The case was heard before the court without a jury, upon an agreed statement of facts, and upon the further agreement that if damages were recoverable, the court might view the land and take such testimony as he desired in reference to value, and fix the amount of damages. It was agreed that appellees were the owners of the land in question when it was appropriated for highway purposes; that the highway which has been constructed *Page 835 across said land was designated as a state highway by section 61, chapter 45, Laws of 1928, Extraordinary Session, and that a strip of land eighty feet in width, and one thousand five hundred feet in length, over and across said land, was in the year 1929, and has since been, appropriated for public use. It was further agreed that such strip of land was taken without the consent of appellees, and that it has never been condemned or paid for by either the board of supervisors of Covington county or the State Highway Commission.

It was further agreed that, during the years 1929, 1930, and 1931, the said public highway was constructed over, through, and across said strip of land, and that it was constructed, paid for, supervised, and has since been maintained, by the State Highway Commission; that in 1929 the board of supervisors of Covington county contributed to the State Highway Commission the sum of twenty-nine thousand dollars as part payment for the construction of this particular highway. It was further agreed that since the completion of said highway some time in the year 1931, the roadbed has not been altered or changed, and that no damages have resulted to the appellees from or on account of the maintenance of said road since that date.
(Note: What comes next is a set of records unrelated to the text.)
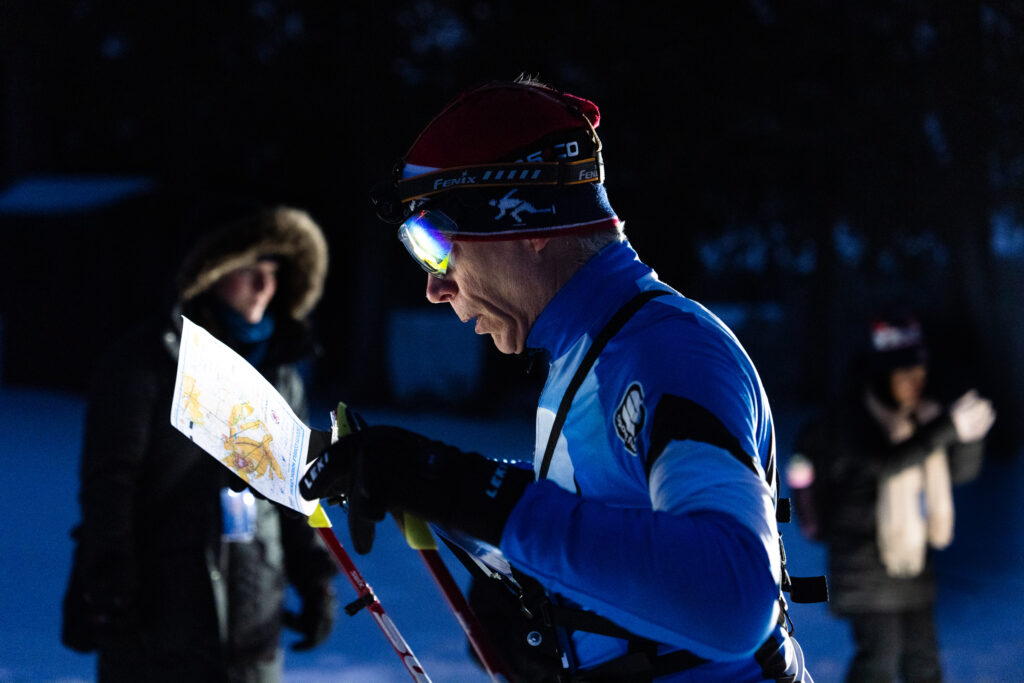 A group of athletes competing in athletic event sports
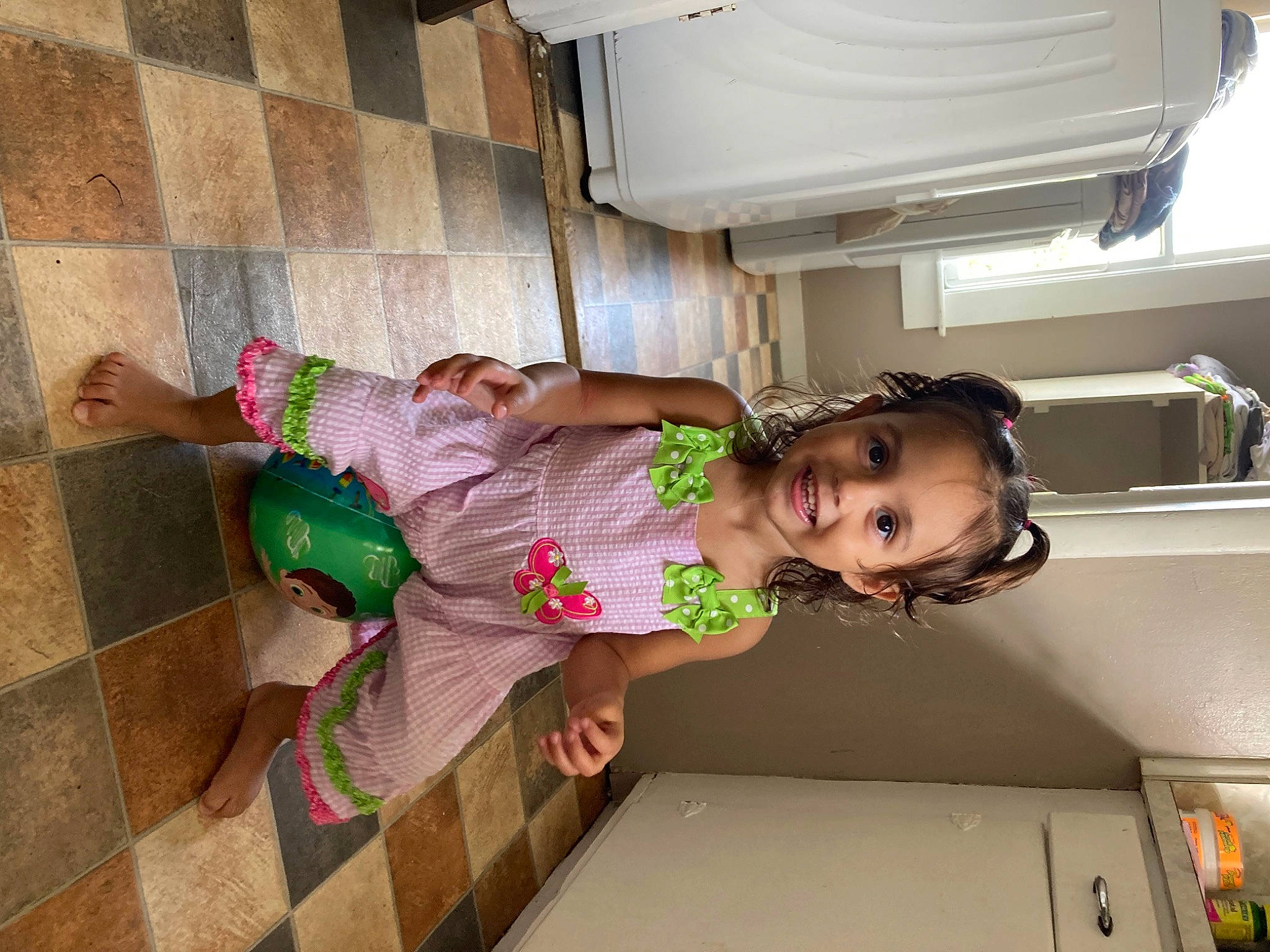 Alaia is registered to the contest to win money with this photo: baby, baby_products, baby_safety, baby_toddler_clothing, child, comfort, floor, flooring, fun, happy, hardwood, human_leg, joy, leisure, magenta, person, room, sock, t_shirt, thigh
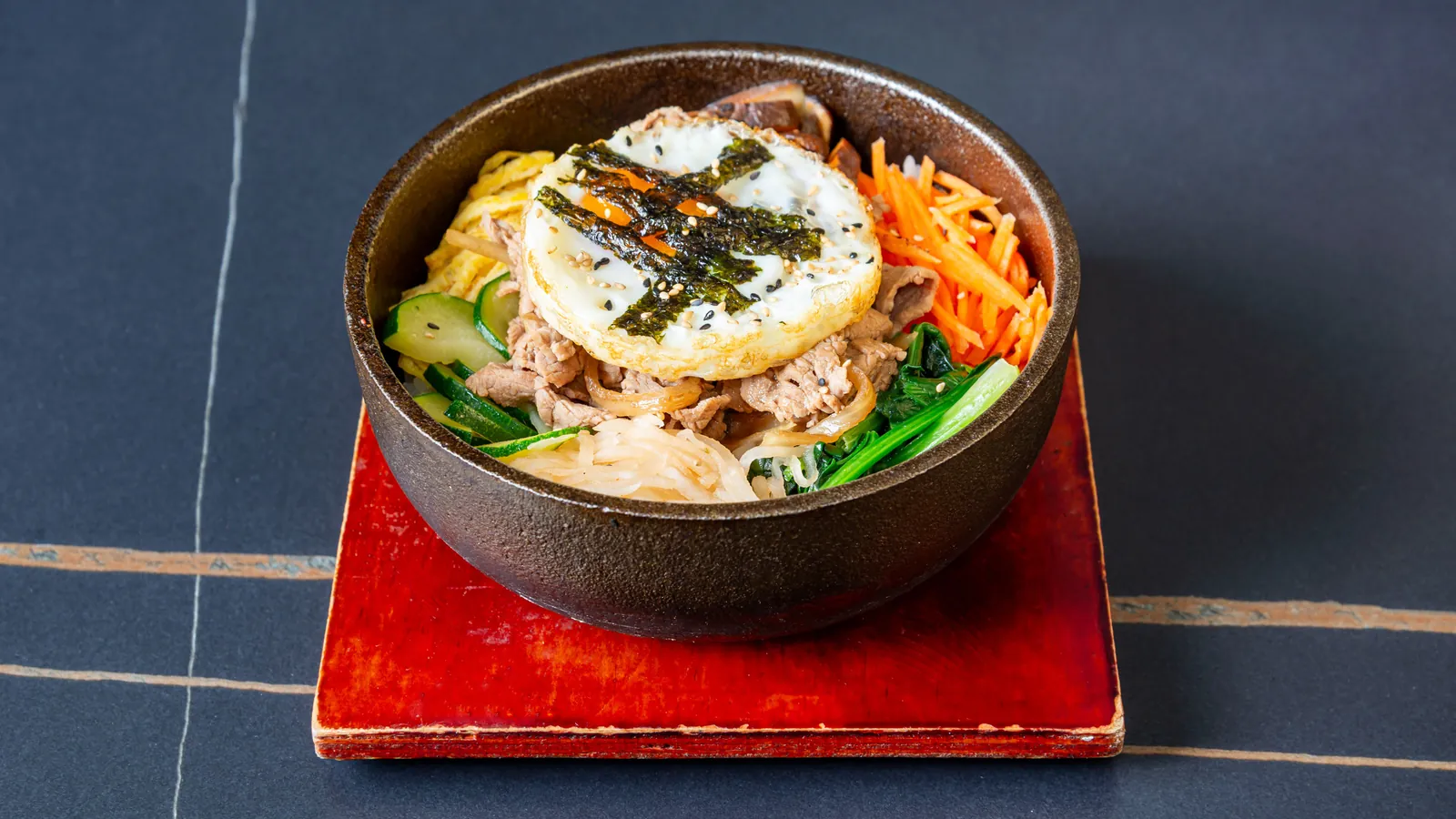 Bibimbap au bœuf et légumes dans un bol en fonte, sur un dessous de plat rouge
The sole contention of the appellant is that there can be no recovery against it, for the reason that the original taking of the property and the appropriation thereof to the public use occurred in the year 1929, at a time when appellant was not a body corporate, could not sue or be sued, and did not have the power to acquire rights of way by purchase or condemnation.
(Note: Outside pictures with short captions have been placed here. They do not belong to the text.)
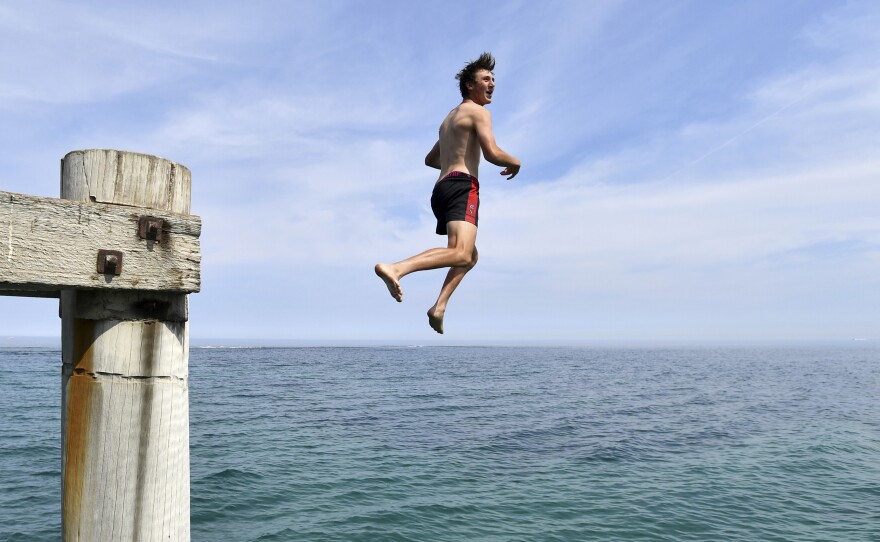 A swimmer jumps from a jetty in an effort to cool off in Adelaide, Australia, as the country experiences record temperatures.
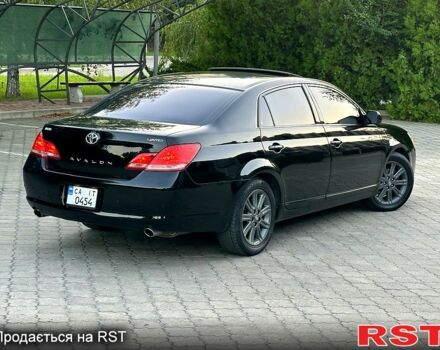 Черный Тойота Авалон, объемом двигателя 3.5 л и пробегом 301 тыс. км за 6900 $, фото 1 на Automoto.ua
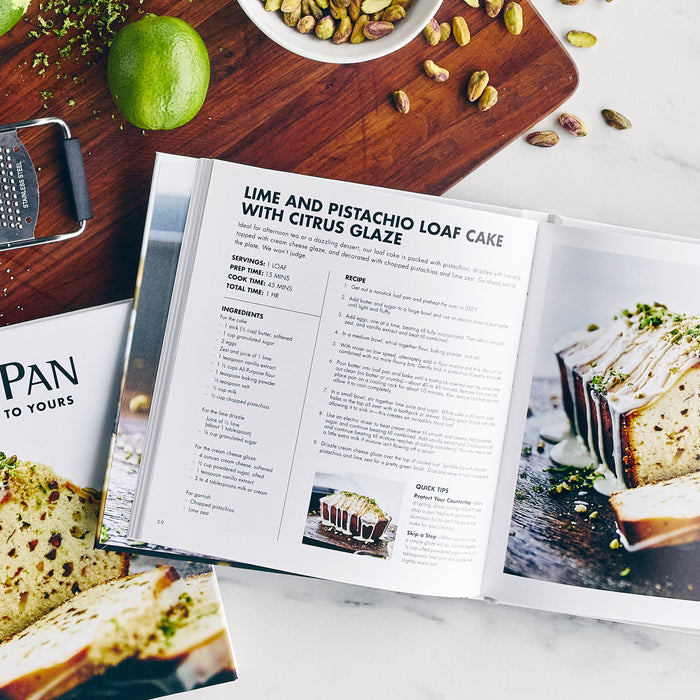 Open cookbook on a kitchen counter to lime and pistachio loaf cake recipes, with some ingredients next to it.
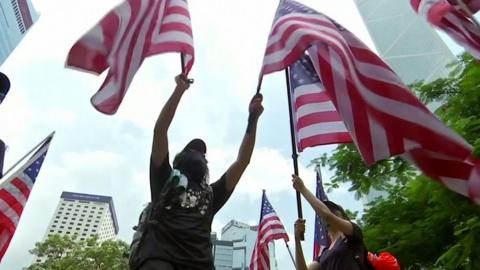 A man waves two US flags - one in each hand - in this frame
A State Highway Commission was created by chapter 168, Laws of 1916, and by chapter 278, Laws of 1924, the said act of 1916 was repealed, and a state highway department was created consisting of eight commissioners, with power to act in a supervisory and advisory capacity to boards of supervisors in constructing state highways, and with power to maintain the same. But it was *Page 836 not until the passage of chapter 47, Laws of 1930, that the State Highway Commission was created a body corporate, with power to sue and be sued, and with power to acquire by purchase, gift, or otherwise rights of way and lands containing building material, or lands necessary for other purposes incident to the construction of a system of state highways, and also with the power of eminent domain to secure lands for any of these purposes.

When the appellant, in connection with the board of supervisors, originally took possession of the appellees' land in 1929, without due compensation therefor having been first paid, the appellant had no authority within itself to acquire the land in any way, and there was no authority to sue it for its acts in so doing, but the taking was none the less unwarranted and unlawful, and this unlawful possession, and the construction of a highway on and over the right of way so unlawfully acquired, continued until long after legislative authority to sue the appellant commission had been granted, and full authority to lawfully acquire the right of way by condemnation had been conferred on the commission. When the appellant took possession of this strip of land for public use without due compensation having been first made therefor, as required by section 17 of the Constitution of 1890, it committed a trespass which has continued until the present time; and when legislative authority to sue the commission was granted in 1930, a cause of action immediately arose in favor of appellees to recover against the commission due compensation for taking and damaging their property for the use of the public. 20 C.J. 846 and 1188; Cowan et al. v. Southern Ry. Co., 118 Ala. 554, 23 So. 754; Faulk v. Mo. River N.W. Ry. Co.,28 S.D. 1, 132 N.W. 233, Ann. Cas. 1913E, 1130; Harbach v. Des Moines K.C.R.R. Co., 80 Iowa, 593, 44 N.W. 348, 11 L.R.A. 113.

The judgment of the court below will be affirmed.